[Opening SUPPLIED RECORDS section]

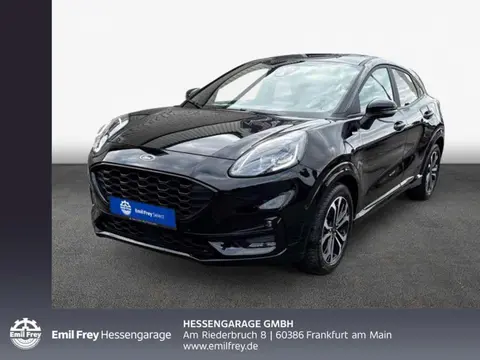 Annonce FORD PUMA Essence 2023 d'occasion 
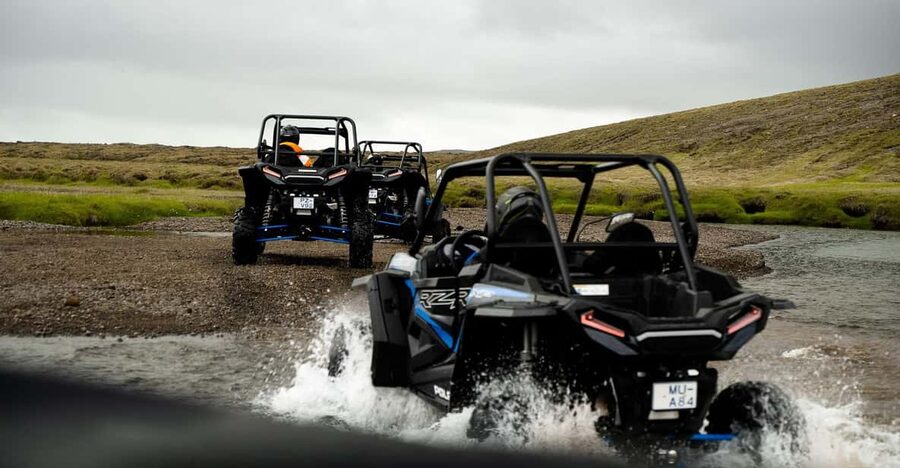 Reykjavík: Buggy Adventure Tour - Key highlights to look for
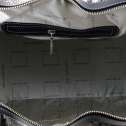 Sem Vaccaro Pitone Bianco/Nero 606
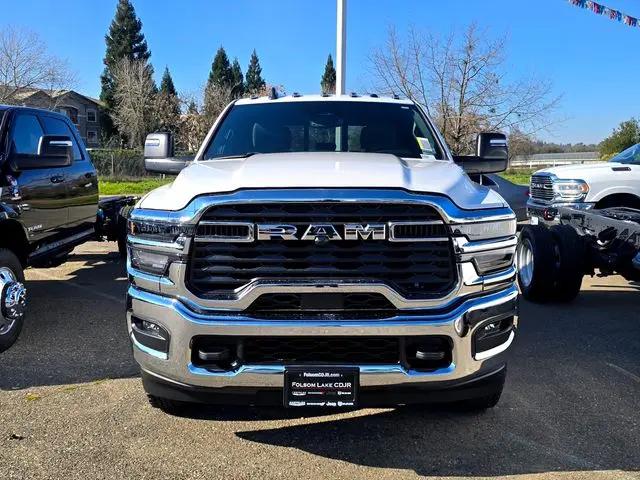 2026 Ram 3500 Tradesman/Big Horn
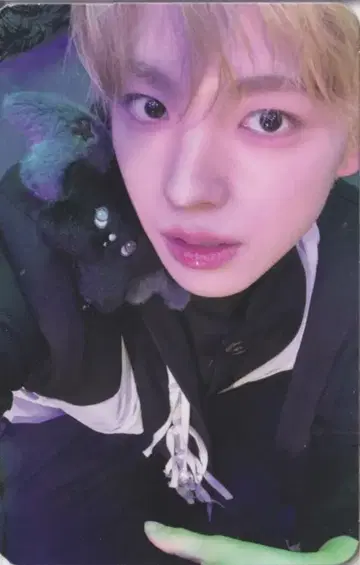 NCT WISH WICHU ver. YUSHI Ode to Love 블랙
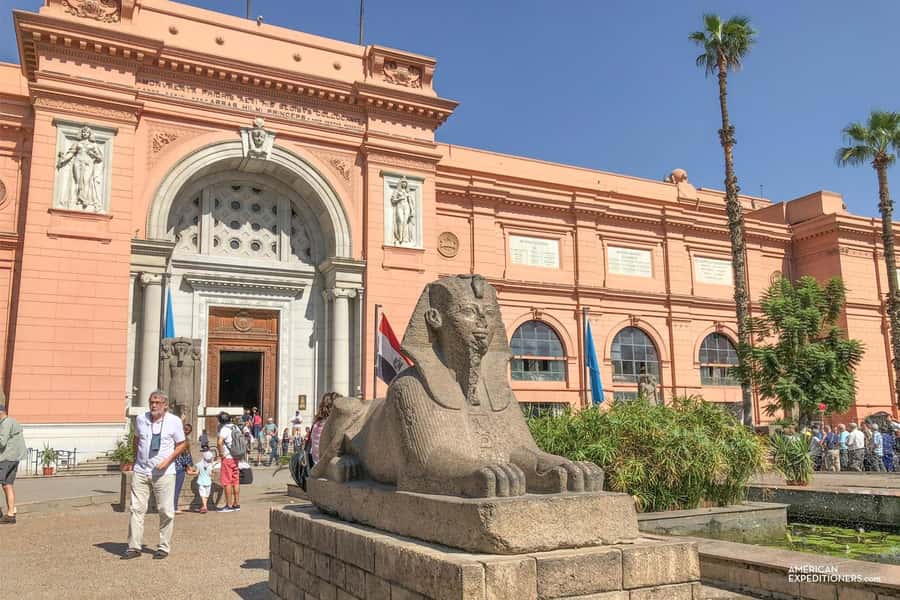 Cairo/Giza: Saladin Citadel, Egyptian Museum, & Bazaar Tour - Pickup, Air-Conditioned Transport, and Realistic Timing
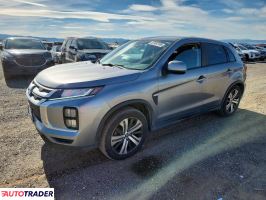 Mitsubishi Outlander 2020 2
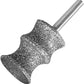 Diamond Dog Nail Grinder Bits Attachment,1/8'' Pet Nail Grinder Wheel for Dremel Dog Nail Grinder, Diamond Rotory Bit for Dogs&Pets Nail Care（Large B）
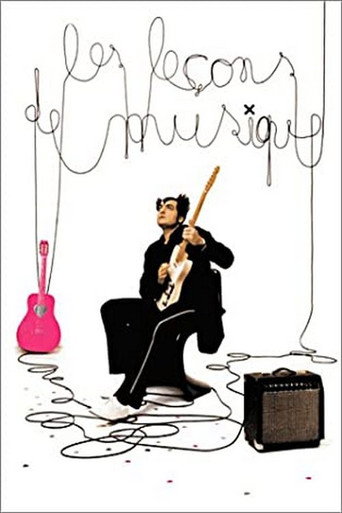 M - Les leçons de musique movie poster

[Closing SUPPLIED RECORDS section]

§ **WORK REQUEST**: Copy the final stretch of the entries exactly: the line containing "Mitsubishi Outlander 2020 2" and every line after it through the last. Include no pictures and nothing more.

§ **COMPLETED EXERCISE**:
 Mitsubishi Outlander 2020 2
 Diamond Dog Nail Grinder Bits Attachment,1/8'' Pet Nail Grinder Wheel for Dremel Dog Nail Grinder, Diamond Rotory Bit for Dogs&Pets Nail Care（Large B）
 M - Les leçons de musique movie poster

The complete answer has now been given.